I'm going back to my old example of the clinker breaker. Your kiln is down because a clinker ball has burned the drive belts off the breaker. The cause is a badly worn drive sheave on the v-belt drive. The correction is obvious and simple. However, I have seen the following reasons given for such a shutdown (in addition to the correct one, which I will title “Clinker Breaker — Drive”): Chunks, kiln slabbed, cooler, cooler plugged, ring fell out, mix, hammer mill, clinker breaker, worn hammers, out of kiln gun shells, etc. You get the picture.
The SDA administrator must make a thorough determination the next day and log his conclusion. He is likely to make the same conclusion the next time this occurs as well (building the statistical base, revealing the evidence). If left to three different operators, we may never know. Such a mish-mash of bogus, though well-intentioned, information would prove useless when a third party needs to seek the proper fix.
Another peril is categories that are too broad. They become catch bins where important evidence is lost, and a collection of correctable faults are accumulated as one. One I am seeing more and more lately is the “power bump.” What does this mean? For my purposes, I want to know:
Power interruption — external network. I'll hammer on the utility company.
Power interruption — internal network. Call in the electrical engineer, or maybe it's time to clean the insulators in the sub station.
Electrical Transient. Perhaps the solid state motor control center (MCC) is too finely tuned. Let's dial it back.
Motor starter trip. Overheating, arced contacts, dead otters in the drainpipe?

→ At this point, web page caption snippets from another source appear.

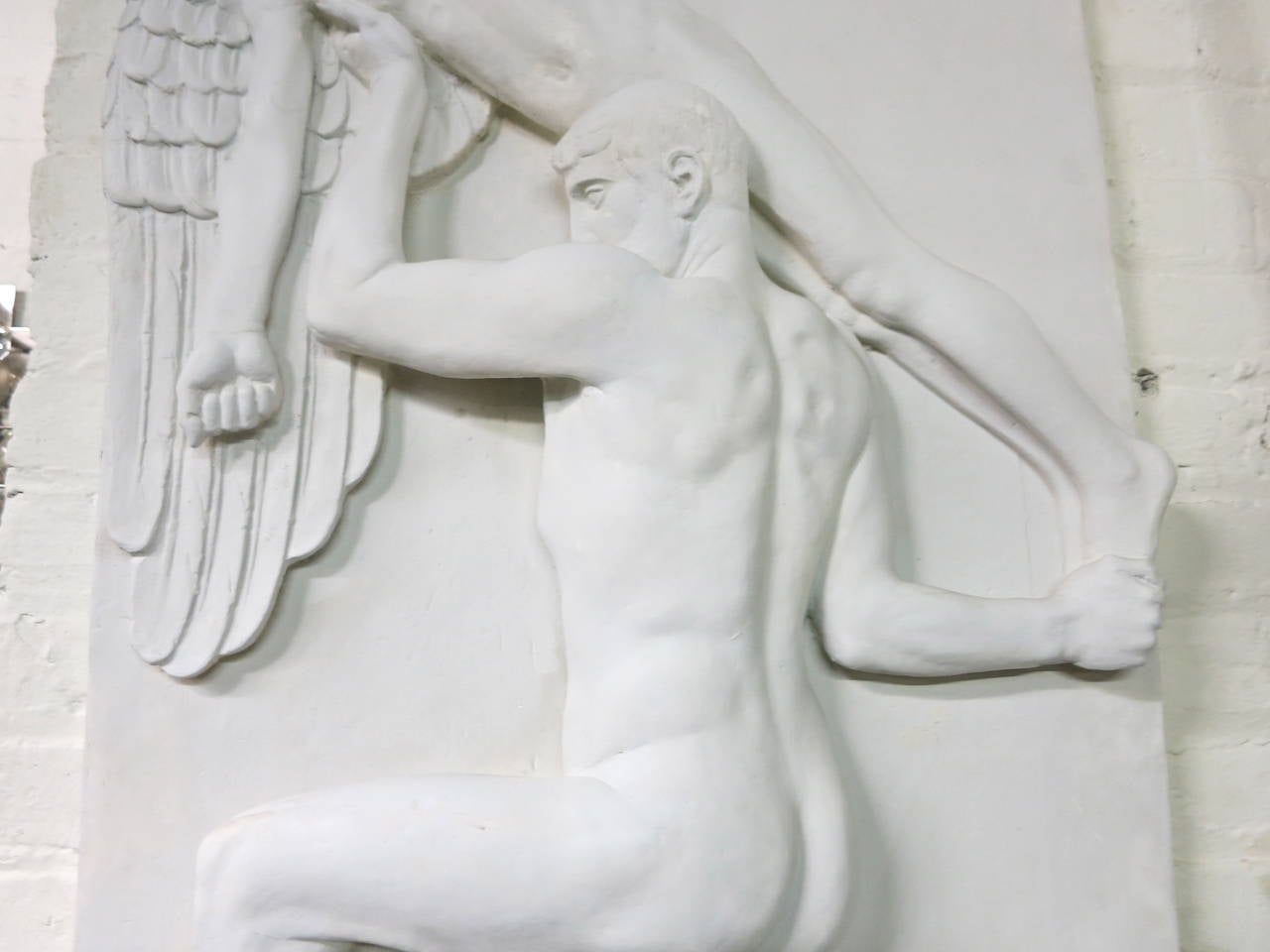 Wall Mount Sculpture in Molded Plaster, circa 1960 1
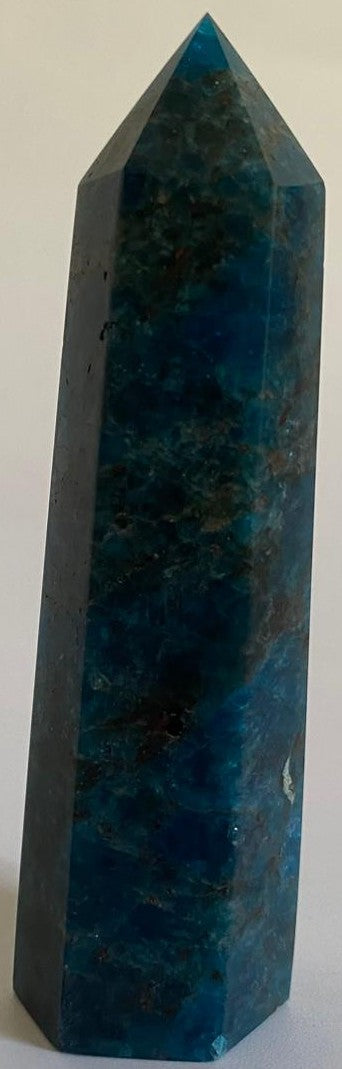 Obelisc din mineral de apatit pe fundal alb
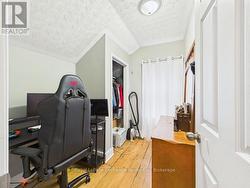 463 Bedroom office -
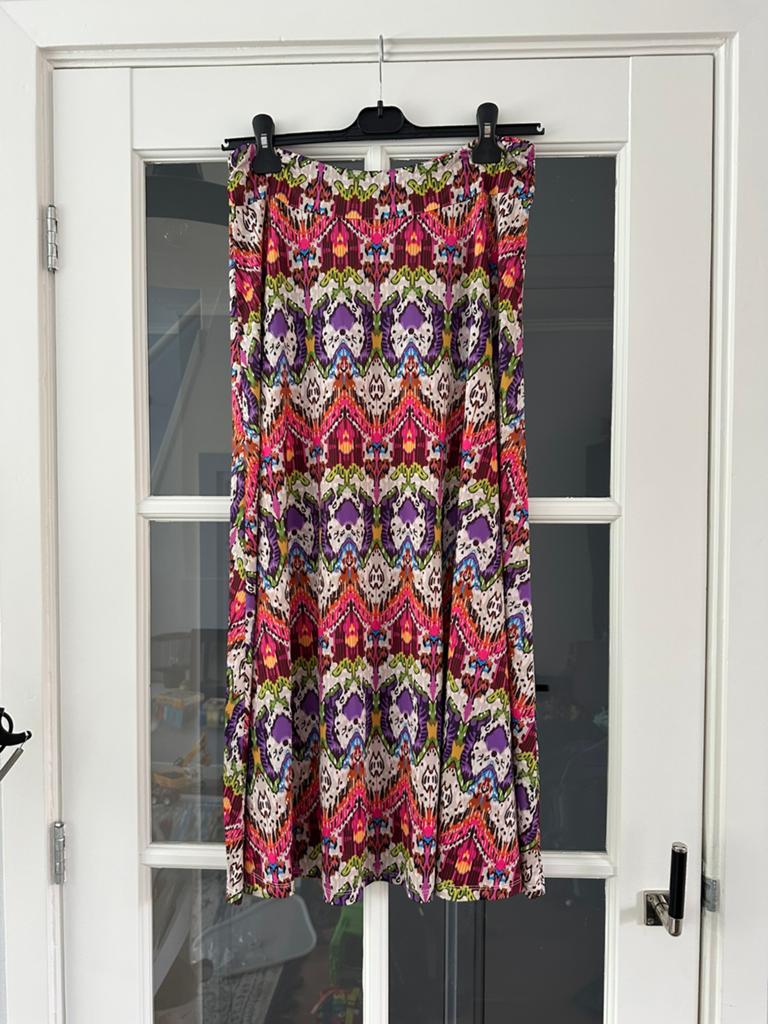 Nieuwe kleurrijke maxi rok Sweet Jewellery maat L, Kleding | Dames, Maat 42/44 (L), Nieuw, Ophalen of Verzenden, Roze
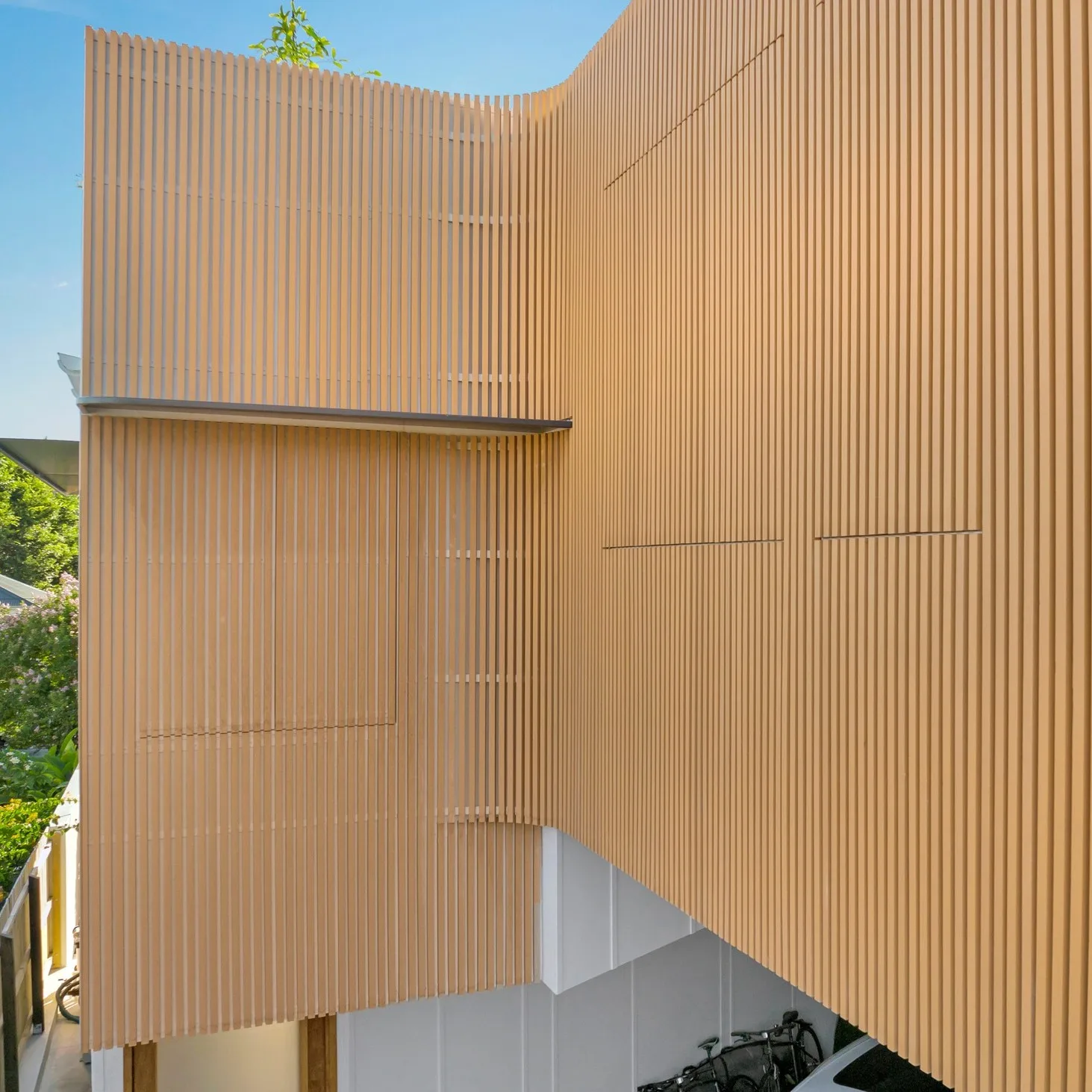 Fuju Capped composite Wall cladding  Wood Grain outdoor wpc timber tube partition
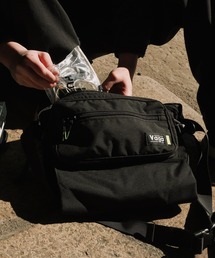 HUF（ハフ）の「HUF X VAGA MAGIC POCKET（ショルダーバッグ）」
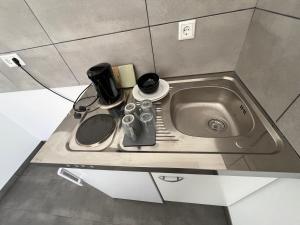 encimera de cocina con fregadero y cafetera en WPS Residenz en Frankfurt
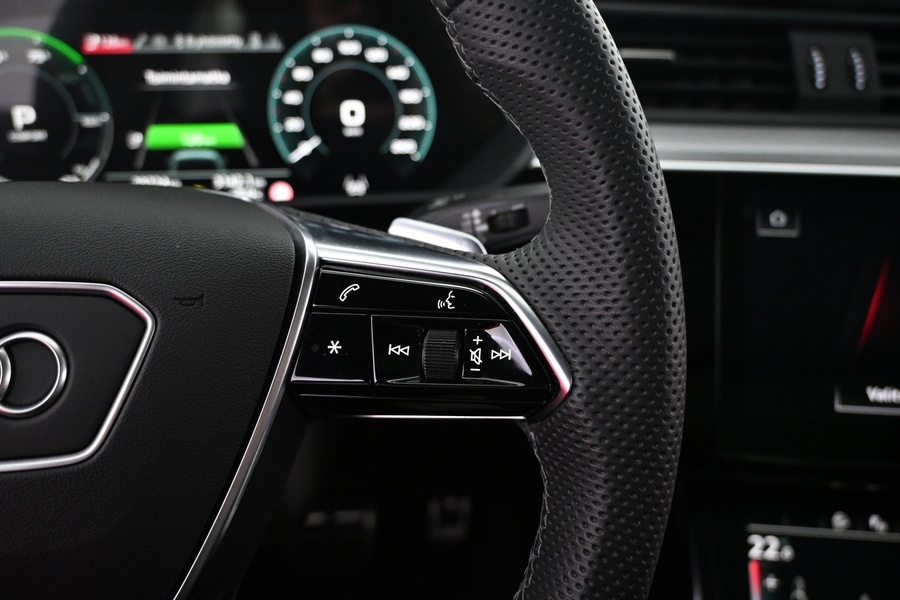 Audi Q8 e-tron vaihtoauto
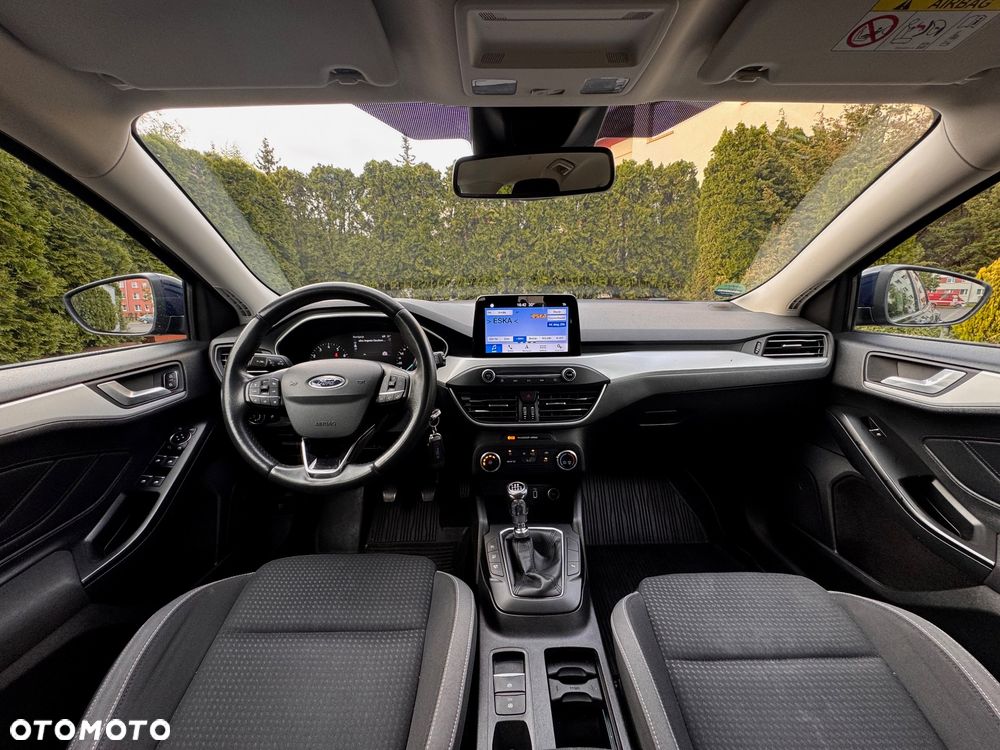 Ford Focus 1.0 EcoBoost Start-Stopp-System TITANIUM STYLE - 9
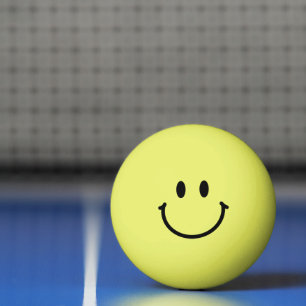Glückliches Gesicht Tischtennisball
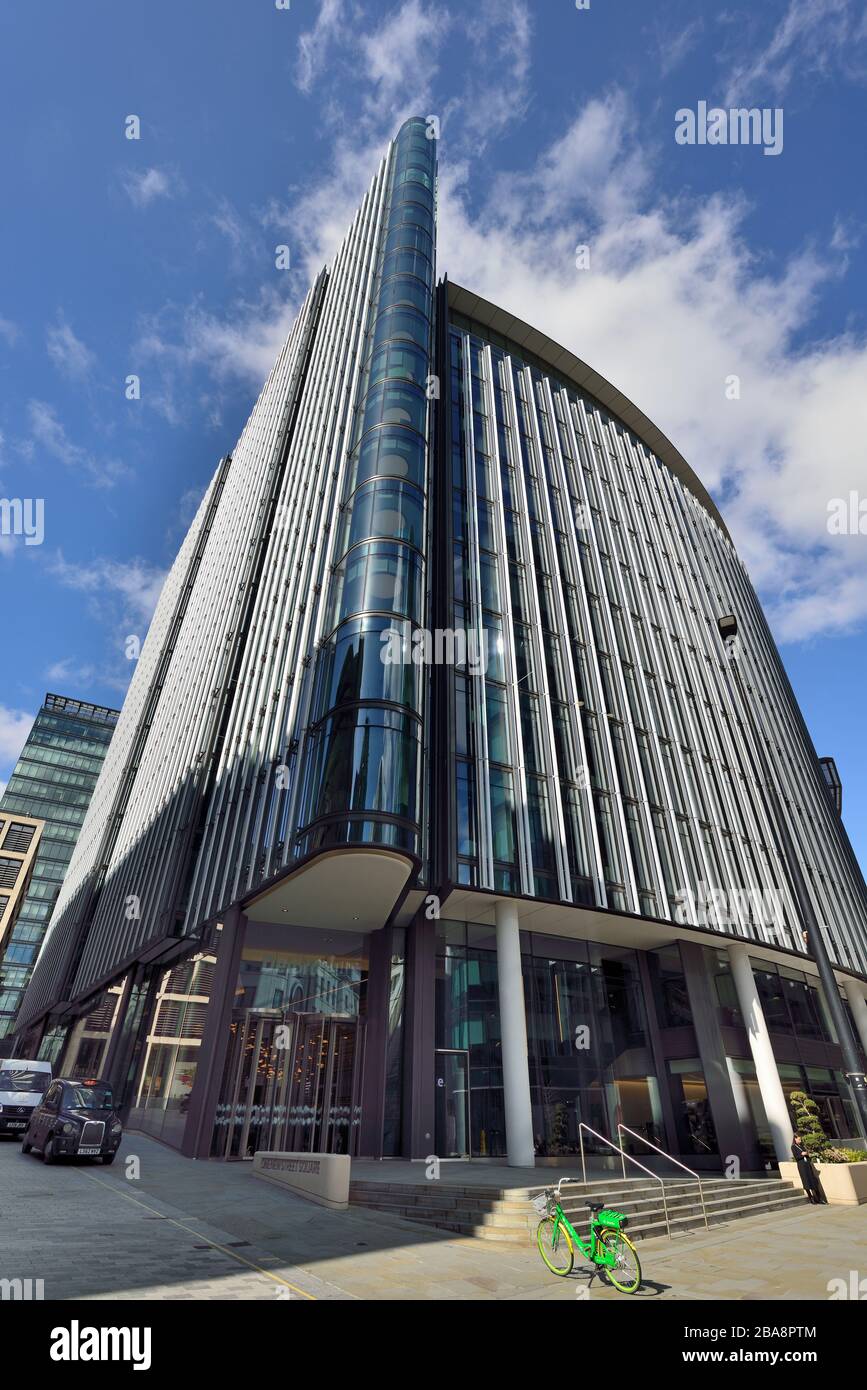 Deloitte new street square hires stock photography and images Alamy Deloitte new street square hires stock photography and images Alamy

Finally, take a deep breath and step back from the data. Is there another way of looking at it? Is there something you may have missed? An important tip is to look at the frequency of the category rather than the total hours down. It is an especially important analysis for the kiln systems. These small fish are the “kiln piranhas,” because they can eat you alive. Any interruption or slowing causing a cooling of the burning zone or a shift in the location of the burning zone, will take coating (and a layer of refractory) with it. Before you know it, the brick is gone. The moral is not to ignore high-frequency, short-duration (under two-hour) stops, especially if they affect the burning zone.
Armed with this information, ask your staff “The problem is clear, what are we doing about it?” and you are more likely to get effective answers and cost-saving results. The old sign said:
| Correct Answers | $4 |
| Answers | $2 |
| Dumb looks | FREE |
Clearly, in today's sold-out cement plant, the sign can be changed to say that dumb looks and incorrect answers are extremely costly. SDA is a very important tool to keep equipment on line and get equipment back online once it goes down. Review policies and procedures in this area; challenge the staff to make improvements; provide incentive; promote the program; track your progress; and celebrate your gains.
Kenneth J. Rone Jr. is vice president — manufacturing services, Ash Grove Cement Co., (+1) 503-293-2333.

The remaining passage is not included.